Polyurethane is a clear finish topcoat for wood that offers long-lasting protection and also moves with the wood. Polyurethane finishes are much more resistant to moisture and spills and moderate heat than traditional finishes. Most manufactured furniture is not polyurethane coated, because it requires much more work. Finishing a piece of furniture is just as important as making it. The Griffin table took me around two years to make, in my spare time and approximately 90 hours to apply the finish on this table.
First by bushing on a wood conditioner, on everything but the top veneer, this is similar to a seal coat. The conditioner soaks into the pores of the wood filling the bigger pores in the wood grain. It is basically like wood filler that helps the wood to not be blotchy when applying the stain.
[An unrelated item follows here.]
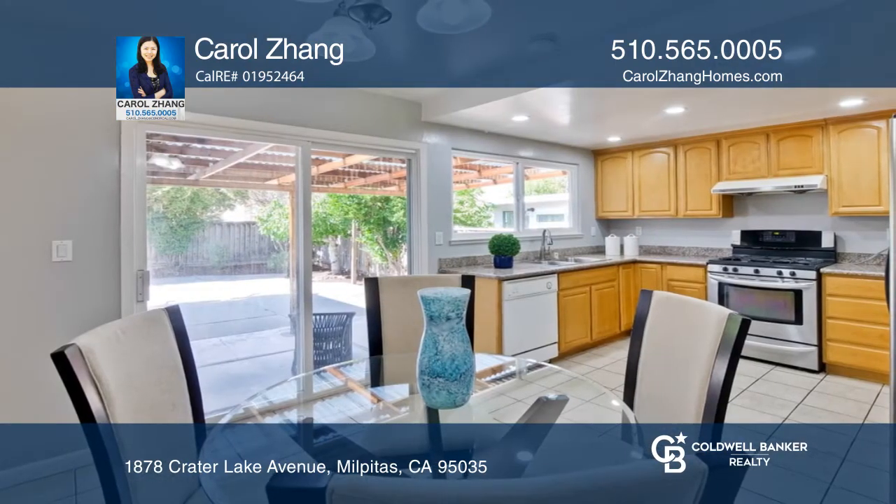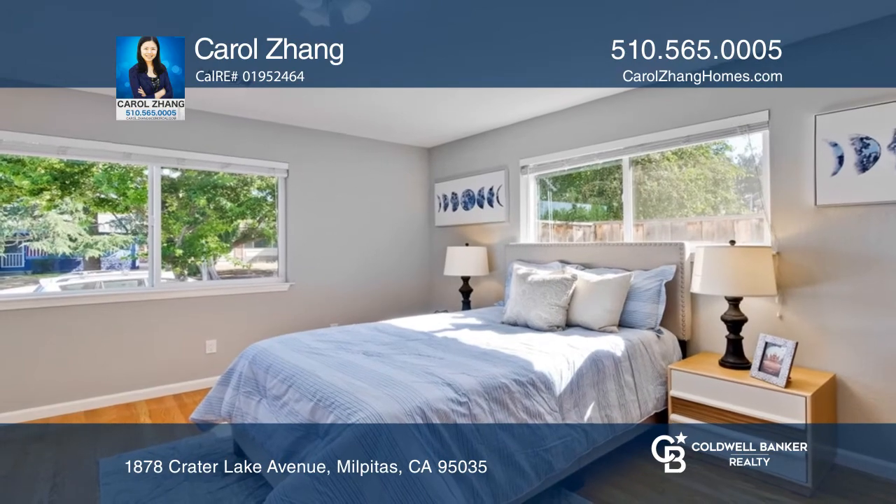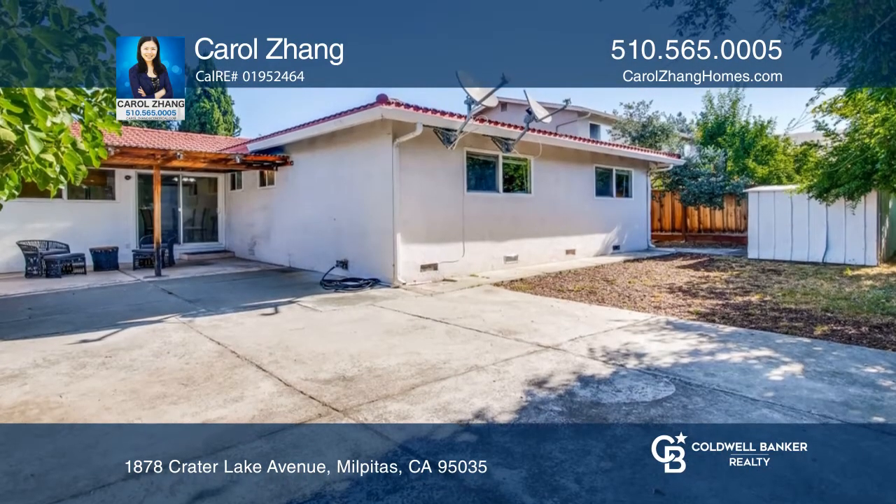The floor plan features dual master suites, a spacious kitchen, hardwood floors throughout, and more. Enjoy landscaping with fruit trees year-round in the backyard.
I let the conditioner dry overnight before staining.
Second step is brushing a yellow dye on just the face. This is so that when I stain the face it will give a light yellow hue to the face only. I also brush black dye into the eyes.
Third I stain the whole Griffin table base and carving except for the lion face. For the face I stain it last so I am careful not to put too much stain over the yellow toner. Then I let the stain dry for 24 hours before spraying the sealer coat of satin polyurethane.
After the sealer coat I lightly sand with a finish scratch pad then air and wipe off all the dust. Next, I spray 3 more light coats approximately 3 mils wet. I like to let each coat dry 24 hours this insures that every coat is completely dry before applying the next finish coat. After the table is completely dry I assemble the table.
The top of the Griffin table has marquetry and inlays which I wanted the natural beauty of the wood to stand out. Also, by having the top finish as flat as possible without having the finish build up too thick which affects the longevity of the finish.
The first coat I spray very thin for the sealer coat. After the finish is dry I sand lightly and wipe off all the dust. Then I spray the next nine coats with a medium build approximately 5 mills wet and sand in between each coat with 320 grit sandpaper. Then after all 10 coats have been applied I wet sand with 800 grit sand paper. I use an air sander this helps cut though the layers of finish faster. Once the finish is flat then I spray the last coat and let it dry overnight.
Then wet sand with 1200, 2000 and 4000 grit sand paper. Be careful not to sand through the last layer of polyurethane because this will leave layer rings in the finished top. Sand with each grit just enough to get the cuts into the finish and any imperfections out, like dust particles. By stopping with 4000 grit this will leave a medium sheen and not a glossy one. If you want the top any shiner then you would need to use a car buffer and compounds.